The Er-Grah burial chamber as it was at the beginning of the 20th century, artificially open to the South.

A giant monument erected by steps

Excavations revealed that Er-Grah tumulus was the final achievement of a complex architectural process.

  • A series of pits and fireplaces, more recent than the two oldest structures in the fossil soil, seem to be related to a number of Middle Neolithic items ("footed cups", local "de Castellic" style ribbed pots, variscite beads). Small heaps of stones with apparently no internal structure lie on top of these items, which several radiocarbon datings identify as belonging to the last quarter of the 5th millennium BC.
  • A large trapezoidal chamber (3.9 m long x 2.6 to 1.8 m wide) was built just to the north of these heaps, at the heart of a "primary cairn" (43 m long x11 to 14 m wide) structured by several faces. This chamber was first accessible from the East, before the completion of the cairn blocked the entrance.
  • Two "extensions" with a core of white loam (extracted from some marsh in the vicinity) then gave the monument its final massive size. The northern extension, now partially destroyed by a quarry, was probably never very long (possibly no more than 20 m). Still showing its original height, it illustrates how loam was covered with a stone coping which reinforced the lateral heaps, while its outer aspect was probably similar to that of a primary cairn. The southern extension is more than 70 m long but it has suffered extensive levelling. Excavations showed that loam was structured by a network of wooden fences arranged around an "axial line".
  • Finally, a low "pavement" seems to have bordered both sides of the monument.

Inside the burial chamber during excavation: the north walling, carrying the othogneiss slab, displays skillful stonework.

Precise links with Grand-Menhir

The southern end of Er-Grah was apparently never completed.
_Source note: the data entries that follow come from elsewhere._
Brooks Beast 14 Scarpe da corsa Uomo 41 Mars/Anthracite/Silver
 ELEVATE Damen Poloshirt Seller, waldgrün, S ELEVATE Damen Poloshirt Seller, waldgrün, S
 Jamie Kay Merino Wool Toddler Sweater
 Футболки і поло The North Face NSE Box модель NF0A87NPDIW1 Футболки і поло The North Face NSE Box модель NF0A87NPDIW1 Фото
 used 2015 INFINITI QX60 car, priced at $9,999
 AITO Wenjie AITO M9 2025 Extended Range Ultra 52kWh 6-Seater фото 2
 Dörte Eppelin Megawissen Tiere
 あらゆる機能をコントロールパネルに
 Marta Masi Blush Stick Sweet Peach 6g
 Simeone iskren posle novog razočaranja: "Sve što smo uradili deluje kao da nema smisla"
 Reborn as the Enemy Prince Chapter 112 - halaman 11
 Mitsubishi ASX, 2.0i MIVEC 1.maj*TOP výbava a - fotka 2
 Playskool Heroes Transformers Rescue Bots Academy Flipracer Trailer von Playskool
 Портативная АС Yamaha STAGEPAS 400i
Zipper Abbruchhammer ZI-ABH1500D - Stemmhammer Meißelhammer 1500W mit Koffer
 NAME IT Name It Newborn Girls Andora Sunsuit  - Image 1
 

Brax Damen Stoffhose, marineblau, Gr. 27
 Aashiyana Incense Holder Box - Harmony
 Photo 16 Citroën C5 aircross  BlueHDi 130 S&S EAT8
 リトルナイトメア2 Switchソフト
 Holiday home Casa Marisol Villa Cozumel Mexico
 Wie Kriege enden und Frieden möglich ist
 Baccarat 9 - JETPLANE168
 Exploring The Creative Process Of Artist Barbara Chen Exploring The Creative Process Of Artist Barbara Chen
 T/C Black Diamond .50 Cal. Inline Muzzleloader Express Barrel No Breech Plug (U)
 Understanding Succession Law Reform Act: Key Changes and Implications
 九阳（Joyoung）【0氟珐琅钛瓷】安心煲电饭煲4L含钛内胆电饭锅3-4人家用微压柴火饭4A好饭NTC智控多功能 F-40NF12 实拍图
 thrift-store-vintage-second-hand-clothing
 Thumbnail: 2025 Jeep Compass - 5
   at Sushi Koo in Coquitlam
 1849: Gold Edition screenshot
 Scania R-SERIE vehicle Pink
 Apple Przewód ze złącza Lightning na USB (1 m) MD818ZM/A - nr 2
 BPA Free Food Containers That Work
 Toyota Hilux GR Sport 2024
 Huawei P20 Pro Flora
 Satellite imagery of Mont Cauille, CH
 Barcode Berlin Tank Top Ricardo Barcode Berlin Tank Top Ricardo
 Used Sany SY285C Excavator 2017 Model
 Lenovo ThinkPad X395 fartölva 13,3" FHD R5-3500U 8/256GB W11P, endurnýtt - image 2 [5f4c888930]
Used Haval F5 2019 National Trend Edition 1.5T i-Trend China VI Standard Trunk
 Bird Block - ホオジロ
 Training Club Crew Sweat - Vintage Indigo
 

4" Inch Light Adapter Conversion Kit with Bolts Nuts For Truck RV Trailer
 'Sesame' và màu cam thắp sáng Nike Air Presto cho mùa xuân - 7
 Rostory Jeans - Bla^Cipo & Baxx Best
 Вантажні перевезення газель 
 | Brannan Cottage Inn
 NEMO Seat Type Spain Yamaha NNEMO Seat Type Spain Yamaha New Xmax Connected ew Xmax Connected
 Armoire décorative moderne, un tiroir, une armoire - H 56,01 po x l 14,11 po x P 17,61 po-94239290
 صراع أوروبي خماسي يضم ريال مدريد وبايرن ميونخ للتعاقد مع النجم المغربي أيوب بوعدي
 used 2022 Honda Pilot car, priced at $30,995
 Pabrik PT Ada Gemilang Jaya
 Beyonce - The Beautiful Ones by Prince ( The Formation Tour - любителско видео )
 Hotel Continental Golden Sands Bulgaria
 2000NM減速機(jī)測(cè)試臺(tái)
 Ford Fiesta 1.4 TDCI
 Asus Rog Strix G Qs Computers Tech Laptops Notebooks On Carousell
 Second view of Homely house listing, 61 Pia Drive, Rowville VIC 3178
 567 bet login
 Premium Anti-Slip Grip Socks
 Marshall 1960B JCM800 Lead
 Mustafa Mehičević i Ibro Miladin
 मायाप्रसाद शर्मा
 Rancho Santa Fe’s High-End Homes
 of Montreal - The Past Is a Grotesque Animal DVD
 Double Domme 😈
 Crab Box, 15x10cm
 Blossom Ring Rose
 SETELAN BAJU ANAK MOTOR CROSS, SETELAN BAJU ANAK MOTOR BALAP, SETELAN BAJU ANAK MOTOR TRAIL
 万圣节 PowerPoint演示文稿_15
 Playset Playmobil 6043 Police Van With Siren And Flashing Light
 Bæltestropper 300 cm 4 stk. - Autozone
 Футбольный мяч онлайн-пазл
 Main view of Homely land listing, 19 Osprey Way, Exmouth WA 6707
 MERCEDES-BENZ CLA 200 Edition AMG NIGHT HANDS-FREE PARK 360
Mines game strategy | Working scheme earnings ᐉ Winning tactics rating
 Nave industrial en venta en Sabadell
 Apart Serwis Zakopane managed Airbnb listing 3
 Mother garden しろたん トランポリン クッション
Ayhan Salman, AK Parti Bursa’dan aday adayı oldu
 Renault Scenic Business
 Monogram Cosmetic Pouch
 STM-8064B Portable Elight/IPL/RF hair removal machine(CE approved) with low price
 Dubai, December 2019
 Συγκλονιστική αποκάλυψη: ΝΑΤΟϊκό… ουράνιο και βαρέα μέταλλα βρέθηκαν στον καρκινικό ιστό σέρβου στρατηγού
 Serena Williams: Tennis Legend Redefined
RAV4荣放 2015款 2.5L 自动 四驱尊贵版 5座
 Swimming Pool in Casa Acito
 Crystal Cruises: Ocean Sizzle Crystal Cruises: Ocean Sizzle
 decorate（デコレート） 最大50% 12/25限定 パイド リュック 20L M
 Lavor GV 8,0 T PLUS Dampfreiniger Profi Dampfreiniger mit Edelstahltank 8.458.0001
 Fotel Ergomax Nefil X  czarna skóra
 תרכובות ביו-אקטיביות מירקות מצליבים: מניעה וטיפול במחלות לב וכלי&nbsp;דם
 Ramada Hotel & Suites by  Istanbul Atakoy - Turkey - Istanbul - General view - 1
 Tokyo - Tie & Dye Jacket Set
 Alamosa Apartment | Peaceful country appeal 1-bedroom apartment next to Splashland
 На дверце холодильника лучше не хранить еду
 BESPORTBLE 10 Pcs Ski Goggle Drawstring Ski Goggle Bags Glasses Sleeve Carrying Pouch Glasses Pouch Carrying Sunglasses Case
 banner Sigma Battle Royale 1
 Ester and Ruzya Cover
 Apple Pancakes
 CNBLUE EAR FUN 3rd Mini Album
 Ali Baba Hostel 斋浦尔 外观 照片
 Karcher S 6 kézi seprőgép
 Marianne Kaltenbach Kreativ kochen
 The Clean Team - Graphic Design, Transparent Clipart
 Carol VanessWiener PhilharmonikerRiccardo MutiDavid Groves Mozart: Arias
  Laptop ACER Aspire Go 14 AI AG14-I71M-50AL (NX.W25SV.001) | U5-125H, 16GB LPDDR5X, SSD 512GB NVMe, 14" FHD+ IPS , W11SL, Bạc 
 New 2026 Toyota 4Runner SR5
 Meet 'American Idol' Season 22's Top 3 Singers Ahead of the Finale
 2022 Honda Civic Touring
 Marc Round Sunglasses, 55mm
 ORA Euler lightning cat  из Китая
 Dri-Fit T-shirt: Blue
Strangely enough, it is oblique to the general axis of the monument but parallel to the alignment related to the Grand-Menhir as if it was aligned with it.

Z. Le Rouzic considered the Grand-Menhir as an "indicator menhir" erected at the end of Er-Grah. Excavations proved this hypothesis wrong, showing that the basis of the monolith was part of an independent structure, stratigraphically older than the tumulus.

On the contrary, Er-Grah is strictly symmetrical around an axis leading from the basis of the menhir to the burial chamber, which shows that the giant monolith was still highly significant and probably still standing when the tumulus was built (during the last two centuries of the 5th millennium BC).

General overview of the tumulus during restoration: in the background, the primary cairn and its burial chamber, in the foreground, the southern extension with its faced stone edges.